Il est dans la tradition
de notre Atelier philosophique d'amener au dialogue par un texte. Qu'est-ce que
cela veut dire? Que c'est l'usage, c'est ce qui se fait. Tradition vient du
latin "tradere" qui veut dire transmettre. La tradition c'est donc l'héritage
qui nous a été transmis, et ce d'abord par voie orale ou par le biais des us et
coutumes. En cela elle est liée à la culture et un des vecteurs les plus
puissants en est la langue. Celle-ci ne sert pas qu'à communiquer en vue
d'assouvir nos besoins présents, elle véhicule une mémoire collective, on
pourrait même dire une sagesse collective.
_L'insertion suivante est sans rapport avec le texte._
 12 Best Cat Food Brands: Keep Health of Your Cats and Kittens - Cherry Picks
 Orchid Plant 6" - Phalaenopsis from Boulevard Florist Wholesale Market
L'idée de tradition c'est l'idée de
quelque chose qui a fait ses preuves, même si on ne sait pas soi-même comment.
Ainsi la tradition joue, au niveau collectif, le rôle que joue la
mémoire au niveau individuel. Elle assure une continuité, elle assure une
certaine façon d'habiter le monde, elle fonde une identité collective. Que
serait une société sans tradition? Une société sans mémoire et sans identité
propre. "Nous sommes des nains sur les épaules de géants" disait-on au Moyen
Age. Ceci veut dire que nous bénéficions aujourd'hui de ce qui nous a été
transmis, de ce qui a résisté à l'épreuve du temps, et que c'est grâce à cela
que nous pouvons voir plus loin que les générations précédentes.
Cette conception purement cumulative de l'histoire n'est-elle pas
trop simpliste? La tradition nous permet-elle vraiment de voir plus loin et nous
projeter vers l'avenir, n'est-elle pas plutôt une ornière qui nous enferme dans
le passé?
Si la tradition fonde l'identité collective, elle y enferme trop
souvent les individus. Que sont les différents conflits nationaux et religieux
sinon la conséquence sanglante de la contradiction entre des mémoires
différentes? Si je me définis entièrement à partir de la représentation dont
j'ai hérité de l'histoire de mon peuple et si cette cette histoire (donc mon
identité) m'apparaît comme incompatible avec celle de mon voisin alors je ne
pourrais jamais vivre en paix avec lui. Or sommes-nous uniquement définis par ce
que la tradition a fait de nous (c'est à dire par notre passé)? Ce que je suis
ce n'est pas seulement d'où je viens, mais c'est vers où je vais.
De plus, on peut se demander si la tradition peut légitimement
faire autorité, et sur quoi cette prétendue autorité peut reposer. La tradition
c'est ce qui se fait parce que ça s'est "toujours" fait. Son prestige nous fait
apparaître comme allant de soi, "naturel", ce qui est en fait une construction,
un produit de l'histoire (et qui n'a donc pas toujours existé).
Est-ce parce que ça se fait, qu'il faut continuer à le
faire? Autrement dit, l'ancienneté d'une pratique sociale est-elle un gage de sa
légitimité? Le fait qu'elle ait été transmise ne peut prouver qu'une chose:
c'est qu'elle répond(ait) à un besoin, rien de plus. Les exemples sont légions
où on voit la "tradition" évoquée pour justifier les pires inégalités,
particulièrement envers les femmes. Prenons un exemple assez explicite où le
prestige de la tradition est invoqué de façon incantatoire: celui de la corrida.
Si l’article 521 du code pénal, incrimine et réprime le délit d’acte de cruauté
envers les animaux apprivoisés ou tenus captifs, celui-ci prévoit une exception
"pour les courses de taureaux lorsque existe une tradition locale
ininterrompue". Le critère de continuité, nous montre à quel point la
"légitimité" que donne la tradition est fragile, pour ne pas dire factice: il
suffirait ainsi que la tradition de la corrida ait été interrompue pour qu'il
devienne cruel de la pratiquer alors qu'elle ne le serait pas là où on n'a
jamais arrêté de le faire! Que cette pratique réponde à l'archaïque "besoin"
qu'éprouvent les hommes de se réjouir face au spectacle de la cruauté et de la
souffrance est un fait, mais cela suffit-il à la légitimer?
"Qu'est-ce que la tradition?", demande Nietzsche dans Aurore.
"Une autorité à laquelle on obéit non parce qu'elle ordonne ce qui nous est
utile, mais parce qu'elle ordonne. -En quoi ce sentiment de la tradition se
distingue t-il du sentiment de la peur? C'est la peur qui donne ici ses ordres
(...) il y a de la superstition dans cette peur."